Assim como dissemos, ao falarmos da Liga do Ensino (Revista de março e abril de 1867), nossas simpatias são conquistadas por todas as ideias progressistas. Nesse projeto não criticamos senão o modo de execução. Assim, sentir-nos-emos felizes por ver aplicações práticas desta bela ideia.
No dia 19 de junho, sábado, assistimos à primeira assembleia geral realizada pelo Círculo Parisiense da Liga do Ensino, na sala de conferências do Boulevard des Capucines, † sob a presidência do Sr. Jean Macé.
Essa reunião tinha por objetivo especial dar uma constituição oficial ao grupo parisiense, e prestar contas dos trabalhos realizados desde a sua fundação. – Como dizia o Sr. Allan Kardec, falando da Liga do Ensino (Revista Espírita de março, abril e agosto de 1
867) – nossas simpatias são conquistadas por todas as ideias progressivas, por todas as tentativas que têm por objeto elevar o nível intelectual. Estamos, pois, contentes por termos podido constatar os resultados práticos desta bela instituição, lamentando vivamente que a abundância de matérias nos obrigue a adiar para um próximo número a análise da constituição adotada na sessão a que tivemos a honra de assistir.
Num dos últimos números da Revista julgamos por bem anunciar aos nossos leitores a constituição imediata e definitiva do Grupo Parisiense da Liga do Ensino. Hoje nos sentimos felizes por dar a conhecer o programa desses homens devotados, que querem consagrar-se ao desenvolvimento da instrução, sobretudo entre as populações rurais. Aplaudimos sua generosa tentativa e fazemos votos por que seja coroada de pronto e integral sucesso.
Não poderíamos testemunhar melhor a nossa simpatia aos trabalhos da Liga, do que reproduzindo os seguintes extratos das últimas circulares publicadas pelo Círculo Parisiense.

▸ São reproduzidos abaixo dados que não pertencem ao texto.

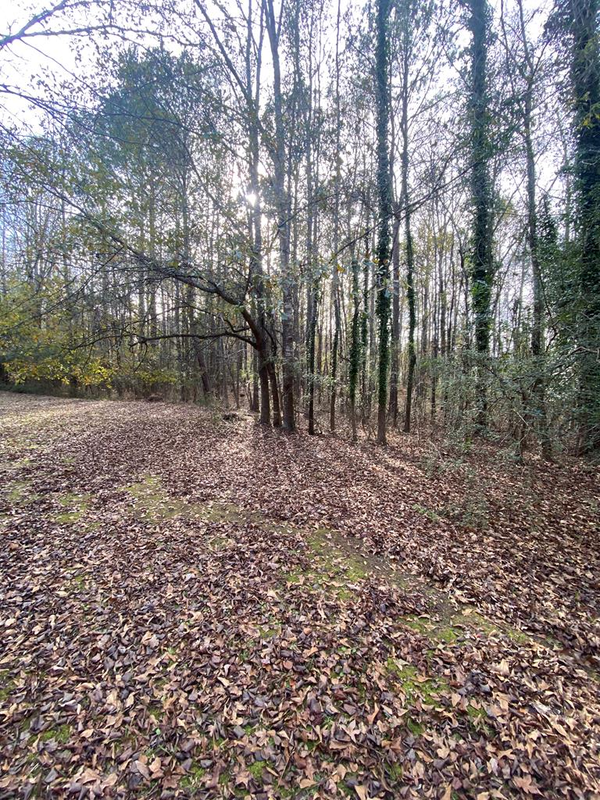 Lot 81 Woodland Drive, CATAULA, GA 31804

Deixaremos que os nossos leitores apreciem o espírito metódico e prático que presidiu à redação desse programa.
“Foi criada uma Sociedade em Paris, sob o título de Círculo Parisiense da Liga do Ensino, com o objetivo de propagar a instrução. É principalmente às populações rurais que ela se dirige. Provoca e estimula a iniciativa individual para a fundação de escolas, cursos gratuitos, conferências públicas e bibliotecas populares; não se ocupa senão de disseminar as noções mais elementares e mais gerais, não se permitindo entrar em discussões políticas ou religiosas. Espera-se que a Liga, que já conta na França importantes e múltiplos Círculos, veja crescer diariamente o número de seus adeptos, e que se possa encontrar, na própria Paris, um centro de ensino.
“Respeitando a vontade livremente expressa de um grupo fundador qualquer, o Círculo Parisiense oferece seu concurso desinteressado; ele aspira a pôr em comunicação os pontos extremos do país; responde a questões, auxilia as individualidades e se abstém de toda pressão.

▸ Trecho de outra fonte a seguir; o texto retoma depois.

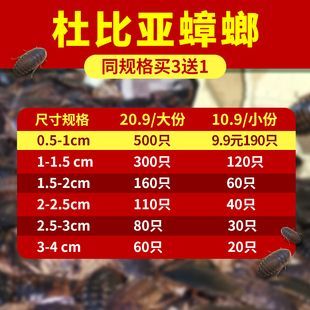 二十公分龍魚吃多少（二十公分的龍魚在不同的生長階段其食量會有所不同）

“O Círculo Parisiense coloca-se gratuitamente à disposição dos que decidirem organizar uma escola, um material científico, e os guia na escolha dos melhores instrumentos, sejam cartas, globos, aparelhos de física, etc. Aos que quiserem dotar sua comuna de uma biblioteca, o Círculo Parisiense pode oferecer os catálogos dos editores franceses e estrangeiros, e dar seus conselhos, caso se os reclame, para a formação de catálogos especiais destinados ao uso dos leitores, quer pertençam a uma população industrial, quer a uma população agrícola. A isto juntará seus donativos em dinheiro, tanto quanto o permitirem os seus recursos.
“O Círculo publicará um boletim, assim que estiver em condições de fazê-lo, para dar conta dos resultados obtidos.
“Obra de propaganda e de fraternidade, o Círculo busca a luz visando ao interesse geral. Solicita, pois, a expressão das necessidades intelectuais coletivas; esforçar-se-á por provê-lo na medida de seus recursos…
“O Círculo Parisiense da Liga do Ensino, fundado em 1866, acaba de constituir-se definitivamente. Conta hoje 450 aderentes que subscreveram uma soma anual de 2.300 francos.”